Lilly twisted her head toward me. “Wow, that was deep. Are you always that deep?”
“I watch a lot of Oprah.
“I can tell, it’s paying off. Now if you could only apply that to your family situation . . .”
“I know, seriously.”
Just then, I heard a loud chatter of excitement erupt in the living room. The front door opened. Even on a tropical island, I could recognize the sound of my father’s footsteps.
“They’re here,” Lilly said, patting my leg. “You ready for this?”
“No.”
She laughed. “Well, you better get ready.”
Only I knew that was impossible.
I knew when I walked out into that living room, my parents were expecting to see the same girl who’d left Philadelphia for the summer. Only, ever since the Quinceañera, I felt like I had changed—the clothes, the food, the language, the boyfriend. I stood now in Lilly’s bedroom, in a tank top and denim skirt, depressed at the thought of leaving this world behind. My brother was right when he predicted on the plane that I’d be crying when I left. But now I had more tears to add to the mix. I had grown up more in this past week than I had the entire fifteen years preceding it.Yet, somehow I had to find a way to waltz into that living room and look at my parents the same way I had before all of this happened, before the truth came out.
How was I going to tell them?
My father had no idea he was about to learn that everything his parents ever told him, all the reasons they gave for leaving Puerto Rico, all the stories they told about wanting to give him and his brothers a better life, all of those were lies.
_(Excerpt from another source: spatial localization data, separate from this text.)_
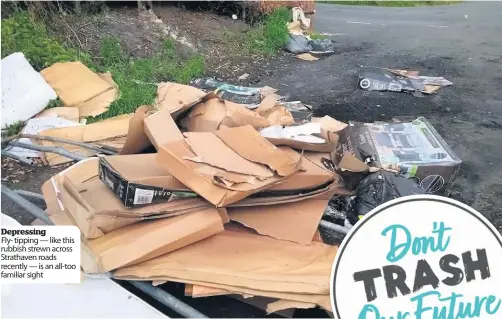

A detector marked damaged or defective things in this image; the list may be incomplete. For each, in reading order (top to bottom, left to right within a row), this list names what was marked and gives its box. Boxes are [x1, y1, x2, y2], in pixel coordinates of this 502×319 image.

torn cardboard flap [40, 62, 117, 118]
torn cardboard flap [154, 82, 207, 119]
torn cardboard flap [39, 114, 132, 166]
torn cardboard flap [157, 126, 298, 206]
torn cardboard flap [227, 199, 330, 246]
torn cardboard flap [112, 230, 340, 296]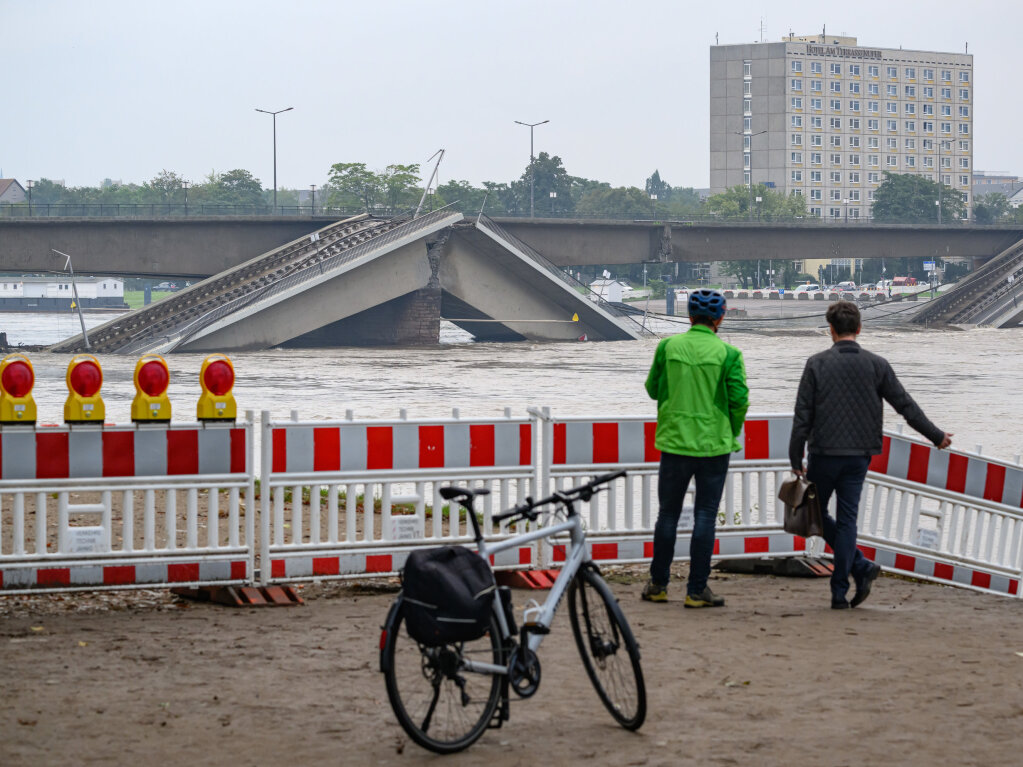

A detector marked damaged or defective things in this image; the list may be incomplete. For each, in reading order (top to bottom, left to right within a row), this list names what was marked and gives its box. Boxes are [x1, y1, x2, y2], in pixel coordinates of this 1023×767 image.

broken bridge section [48, 210, 648, 354]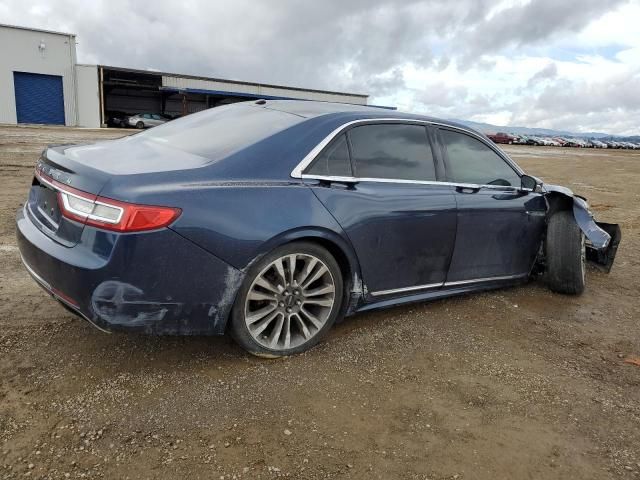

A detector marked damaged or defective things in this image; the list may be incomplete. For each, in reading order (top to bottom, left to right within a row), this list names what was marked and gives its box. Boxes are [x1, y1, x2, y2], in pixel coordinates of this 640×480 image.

broken bumper cover [15, 205, 245, 334]
damaged front end [544, 184, 624, 272]
crumpled front fender [544, 185, 624, 272]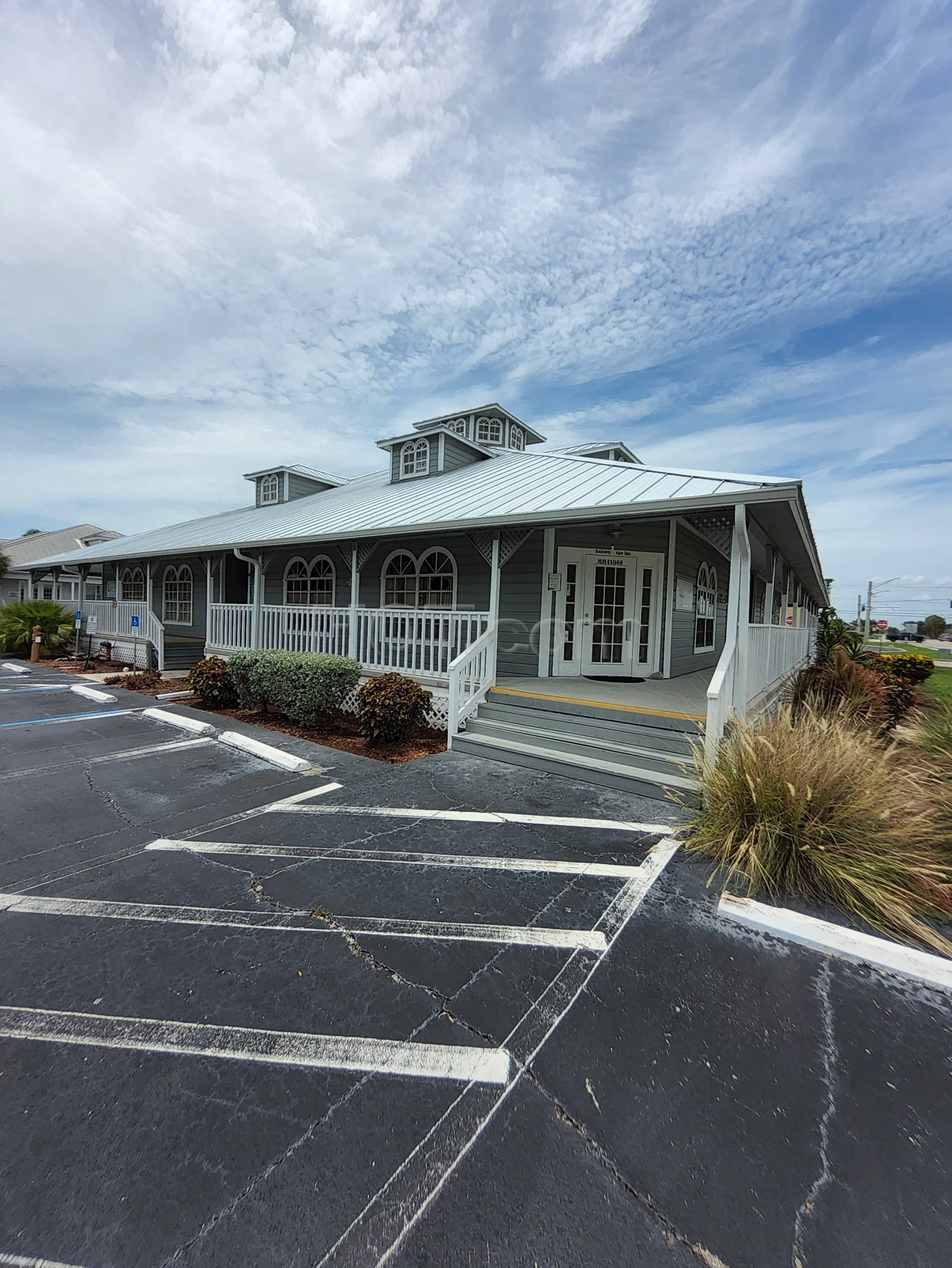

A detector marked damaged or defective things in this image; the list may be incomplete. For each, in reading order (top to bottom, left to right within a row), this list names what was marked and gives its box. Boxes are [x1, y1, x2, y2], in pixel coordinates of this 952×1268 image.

cracked pavement [1, 669, 952, 1263]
He was going to learn that his father cheated on his mother, that he had an illegitimate sister to add to his conservative Catholic family. And he was going to hear all of this from me. I was so scared that he would resent me. I’d be ruining the perfect image of courage and sacrifice that he had of his family.
I didn’t know if I could do it, if I could take all of that away from him.
Lilly babbled in the background as my mind raced. I stared at my reflection in her full-length mirror.
Wouldn’t I want to know if I had another sibling out there? Wouldn’t I want to know who that person was? Shouldn’t that decision be mine to make?
My mind drifted to my grandparents, the way my grandfather looked while he was lying in the hospital with tubes coming out of his nose. He knew he was dying, we all did. And I cried by his bedside. So did my father. And here he had another child, a daughter (his only daughter), and she wasn’t there with him. Did he even think of her in those last moments? Did he regret abandoning her, not getting to know her? Did he think of telling us the truth?
He’d spent most of his life hiding this secret, both my grandparents did. They left their entire lives behind—their family, their friends, their culture—all to keep this hidden. And it worked. They took it to their graves.
Now, was it really up to me to unbury it?